# Supplied data
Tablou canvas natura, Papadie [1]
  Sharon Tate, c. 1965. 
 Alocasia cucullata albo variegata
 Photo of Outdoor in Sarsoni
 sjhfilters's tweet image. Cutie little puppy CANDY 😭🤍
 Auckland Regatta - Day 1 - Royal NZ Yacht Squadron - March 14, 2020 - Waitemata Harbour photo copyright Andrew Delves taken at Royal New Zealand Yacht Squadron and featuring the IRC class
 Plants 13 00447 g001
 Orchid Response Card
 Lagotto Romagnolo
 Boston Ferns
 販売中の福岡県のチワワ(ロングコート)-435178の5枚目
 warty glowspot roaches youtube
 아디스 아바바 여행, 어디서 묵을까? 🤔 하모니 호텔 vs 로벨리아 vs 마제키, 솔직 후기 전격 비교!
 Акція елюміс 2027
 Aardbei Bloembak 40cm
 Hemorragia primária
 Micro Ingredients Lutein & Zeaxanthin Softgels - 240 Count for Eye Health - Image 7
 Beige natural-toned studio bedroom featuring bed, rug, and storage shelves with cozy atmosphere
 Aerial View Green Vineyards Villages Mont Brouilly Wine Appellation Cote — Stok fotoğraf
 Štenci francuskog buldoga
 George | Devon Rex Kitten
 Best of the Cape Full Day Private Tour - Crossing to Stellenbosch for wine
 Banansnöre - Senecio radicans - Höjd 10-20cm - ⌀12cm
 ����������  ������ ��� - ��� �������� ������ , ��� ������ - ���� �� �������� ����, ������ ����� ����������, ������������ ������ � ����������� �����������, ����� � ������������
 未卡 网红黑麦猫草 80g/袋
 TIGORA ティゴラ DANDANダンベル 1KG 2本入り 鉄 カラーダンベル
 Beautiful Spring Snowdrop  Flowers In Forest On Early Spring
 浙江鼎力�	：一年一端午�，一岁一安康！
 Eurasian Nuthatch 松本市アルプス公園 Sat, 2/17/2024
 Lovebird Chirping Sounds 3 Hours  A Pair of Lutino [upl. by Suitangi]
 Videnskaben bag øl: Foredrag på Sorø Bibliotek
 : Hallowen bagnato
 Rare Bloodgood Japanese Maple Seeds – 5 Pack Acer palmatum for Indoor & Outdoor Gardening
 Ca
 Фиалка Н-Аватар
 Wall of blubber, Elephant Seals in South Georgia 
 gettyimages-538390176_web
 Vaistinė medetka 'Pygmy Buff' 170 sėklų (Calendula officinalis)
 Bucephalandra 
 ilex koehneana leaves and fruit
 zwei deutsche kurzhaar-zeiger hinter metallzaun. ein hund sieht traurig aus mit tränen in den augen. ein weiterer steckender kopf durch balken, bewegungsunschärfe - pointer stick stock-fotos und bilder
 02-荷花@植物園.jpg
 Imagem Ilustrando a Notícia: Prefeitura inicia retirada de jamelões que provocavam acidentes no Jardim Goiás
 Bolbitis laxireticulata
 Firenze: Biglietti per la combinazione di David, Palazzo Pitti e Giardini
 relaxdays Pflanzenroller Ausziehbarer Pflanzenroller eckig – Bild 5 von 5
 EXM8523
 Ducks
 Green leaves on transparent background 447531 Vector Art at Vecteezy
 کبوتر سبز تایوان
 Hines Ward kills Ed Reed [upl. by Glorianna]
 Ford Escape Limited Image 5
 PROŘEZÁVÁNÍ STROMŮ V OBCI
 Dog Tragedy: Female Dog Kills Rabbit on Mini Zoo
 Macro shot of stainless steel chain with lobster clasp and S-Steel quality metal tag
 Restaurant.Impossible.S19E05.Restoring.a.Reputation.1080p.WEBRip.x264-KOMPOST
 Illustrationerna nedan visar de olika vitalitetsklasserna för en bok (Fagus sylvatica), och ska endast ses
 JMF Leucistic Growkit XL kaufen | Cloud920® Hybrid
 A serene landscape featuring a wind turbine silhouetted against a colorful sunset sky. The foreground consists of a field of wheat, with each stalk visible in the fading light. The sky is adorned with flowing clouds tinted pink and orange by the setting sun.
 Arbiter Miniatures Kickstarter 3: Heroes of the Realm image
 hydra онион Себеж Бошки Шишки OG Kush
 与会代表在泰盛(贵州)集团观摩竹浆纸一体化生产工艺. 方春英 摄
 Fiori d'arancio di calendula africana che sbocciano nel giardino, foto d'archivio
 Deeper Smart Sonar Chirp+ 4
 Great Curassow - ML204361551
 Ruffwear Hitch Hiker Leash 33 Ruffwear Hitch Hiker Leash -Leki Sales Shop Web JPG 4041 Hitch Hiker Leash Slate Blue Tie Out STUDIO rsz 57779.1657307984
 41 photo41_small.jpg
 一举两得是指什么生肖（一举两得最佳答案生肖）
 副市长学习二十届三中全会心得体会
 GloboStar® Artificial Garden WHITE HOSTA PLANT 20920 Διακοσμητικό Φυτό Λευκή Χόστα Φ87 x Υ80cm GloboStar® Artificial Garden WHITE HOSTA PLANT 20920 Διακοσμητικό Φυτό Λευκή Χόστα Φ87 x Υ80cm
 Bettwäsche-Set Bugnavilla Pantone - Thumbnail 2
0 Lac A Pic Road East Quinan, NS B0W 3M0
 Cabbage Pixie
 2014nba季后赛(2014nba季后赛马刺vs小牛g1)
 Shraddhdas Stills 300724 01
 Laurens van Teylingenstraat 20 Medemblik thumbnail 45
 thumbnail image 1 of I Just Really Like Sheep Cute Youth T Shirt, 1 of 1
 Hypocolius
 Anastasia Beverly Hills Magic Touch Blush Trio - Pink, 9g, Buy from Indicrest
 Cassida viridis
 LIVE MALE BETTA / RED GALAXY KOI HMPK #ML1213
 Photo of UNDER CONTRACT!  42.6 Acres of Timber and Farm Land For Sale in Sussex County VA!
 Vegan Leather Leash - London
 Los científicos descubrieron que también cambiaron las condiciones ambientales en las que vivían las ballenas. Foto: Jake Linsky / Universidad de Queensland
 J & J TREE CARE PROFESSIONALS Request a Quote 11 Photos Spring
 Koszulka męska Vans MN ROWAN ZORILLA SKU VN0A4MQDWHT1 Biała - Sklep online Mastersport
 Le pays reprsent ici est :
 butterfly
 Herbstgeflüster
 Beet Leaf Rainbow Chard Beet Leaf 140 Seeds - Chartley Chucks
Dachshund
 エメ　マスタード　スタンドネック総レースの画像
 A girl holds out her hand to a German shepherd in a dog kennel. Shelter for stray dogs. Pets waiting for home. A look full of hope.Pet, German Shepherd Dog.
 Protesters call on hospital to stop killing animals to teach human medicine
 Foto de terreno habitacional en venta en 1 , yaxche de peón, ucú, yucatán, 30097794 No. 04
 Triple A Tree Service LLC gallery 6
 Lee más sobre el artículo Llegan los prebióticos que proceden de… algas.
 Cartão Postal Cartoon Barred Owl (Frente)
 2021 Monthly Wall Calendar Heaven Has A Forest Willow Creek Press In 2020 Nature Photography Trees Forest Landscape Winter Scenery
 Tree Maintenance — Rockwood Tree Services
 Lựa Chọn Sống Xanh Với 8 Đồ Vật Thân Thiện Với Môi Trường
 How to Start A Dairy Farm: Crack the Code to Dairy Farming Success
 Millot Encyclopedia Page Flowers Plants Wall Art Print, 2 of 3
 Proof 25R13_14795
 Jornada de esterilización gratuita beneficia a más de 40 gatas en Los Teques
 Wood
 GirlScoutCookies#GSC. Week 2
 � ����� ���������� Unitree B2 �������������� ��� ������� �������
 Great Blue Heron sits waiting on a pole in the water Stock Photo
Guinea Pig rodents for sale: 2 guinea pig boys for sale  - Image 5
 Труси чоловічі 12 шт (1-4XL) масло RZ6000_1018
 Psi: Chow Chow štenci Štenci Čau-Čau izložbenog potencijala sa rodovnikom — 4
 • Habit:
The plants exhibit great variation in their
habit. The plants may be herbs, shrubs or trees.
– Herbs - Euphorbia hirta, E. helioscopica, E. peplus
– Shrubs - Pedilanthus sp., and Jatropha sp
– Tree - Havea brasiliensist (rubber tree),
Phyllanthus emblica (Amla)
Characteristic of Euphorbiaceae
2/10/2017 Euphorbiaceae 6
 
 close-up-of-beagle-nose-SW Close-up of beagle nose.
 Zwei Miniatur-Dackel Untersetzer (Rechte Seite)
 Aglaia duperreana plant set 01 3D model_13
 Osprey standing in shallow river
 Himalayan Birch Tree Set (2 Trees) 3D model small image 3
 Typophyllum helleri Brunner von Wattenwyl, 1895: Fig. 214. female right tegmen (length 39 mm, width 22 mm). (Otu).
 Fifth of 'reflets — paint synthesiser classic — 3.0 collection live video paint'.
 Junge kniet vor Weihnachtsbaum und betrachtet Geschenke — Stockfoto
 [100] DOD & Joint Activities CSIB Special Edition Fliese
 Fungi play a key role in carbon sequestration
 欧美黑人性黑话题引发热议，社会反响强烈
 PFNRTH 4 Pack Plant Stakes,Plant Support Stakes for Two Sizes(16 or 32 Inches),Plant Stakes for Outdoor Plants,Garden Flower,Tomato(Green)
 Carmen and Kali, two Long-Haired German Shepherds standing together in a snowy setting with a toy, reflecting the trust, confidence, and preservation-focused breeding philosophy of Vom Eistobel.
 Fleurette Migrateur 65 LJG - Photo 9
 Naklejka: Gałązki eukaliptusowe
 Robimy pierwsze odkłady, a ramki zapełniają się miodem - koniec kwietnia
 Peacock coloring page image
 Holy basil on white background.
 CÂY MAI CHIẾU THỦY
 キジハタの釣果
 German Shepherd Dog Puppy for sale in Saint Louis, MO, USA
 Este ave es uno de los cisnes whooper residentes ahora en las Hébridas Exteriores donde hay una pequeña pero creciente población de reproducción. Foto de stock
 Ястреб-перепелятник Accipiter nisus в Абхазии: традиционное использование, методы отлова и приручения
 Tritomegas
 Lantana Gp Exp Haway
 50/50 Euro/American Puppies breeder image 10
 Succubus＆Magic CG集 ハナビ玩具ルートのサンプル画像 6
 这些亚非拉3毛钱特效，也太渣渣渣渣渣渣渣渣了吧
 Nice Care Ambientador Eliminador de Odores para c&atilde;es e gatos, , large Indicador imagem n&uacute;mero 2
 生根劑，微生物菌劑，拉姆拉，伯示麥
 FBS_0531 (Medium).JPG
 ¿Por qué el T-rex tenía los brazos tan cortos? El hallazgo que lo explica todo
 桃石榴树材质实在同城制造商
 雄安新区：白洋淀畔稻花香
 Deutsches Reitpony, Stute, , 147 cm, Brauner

# Exercise instructions
Pick out and copy the lines of the material that include the word "Flowers".

# Output below
 Beautiful Spring Snowdrop  Flowers In Forest On Early Spring
 Millot Encyclopedia Page Flowers Plants Wall Art Print, 2 of 3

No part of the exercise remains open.